Plongeons-nous quelques instants dans le contexte de la fin du XVIIIe siècle. On assiste aux premiers pas de la philosophie utilitariste : bien-être et bonheur fondent l’horizon ultime à atteindre, mais à condition qu’ils soient utiles à la société. Ce souci du « bonheur pour le plus grand nombre » va de pair avec l’affirmation de l’autonomie du sujet et de sa liberté, ainsi qu’avec la volonté ferme d’abolir tout lien de dépendance personnelle.Cependant, une question revient de manière lancinante, même si elle n’est pas formulée aussi abruptement : que faire des femmes, quelle place leur revient ? Concernant l’utilité sociale, la réponse est vite tranchée, celle-ci est d’emblée profondément sexuée : aux hommes revient la production, il faut « travailler » pour être utile, le travail devenant synonyme d’emploi rémunéré. Aux femmes revient la procréation, cela va de soi, mais plus encore, un rôle de préservation des « valeurs ». L’idéal d’autonomie est donc foncièrement masculin (A).
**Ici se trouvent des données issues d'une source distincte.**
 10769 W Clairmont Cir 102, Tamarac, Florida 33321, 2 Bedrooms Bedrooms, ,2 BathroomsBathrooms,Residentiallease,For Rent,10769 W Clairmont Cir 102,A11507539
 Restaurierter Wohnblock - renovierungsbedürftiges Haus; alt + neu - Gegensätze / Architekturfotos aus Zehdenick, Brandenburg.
La dépendance féminine se justifie au nom des fonctions de procréation et de contribution au capital humain ouvrier (B) et du rôle de gardienne des moeurs (C). Simultanément, au nom de leur dépendance matérielle, les femmes sont évincées de l’accès aux droits civils et politiques. Se met alors en place un cercle vicieux difficile à enrayer. Légitimés aussi bien par le sens commun que par les discours scientifiques, notamment ceux des économistes, dépendance et devoir social féminin finiront par être institutionnalisés en termes de droits sociaux (D).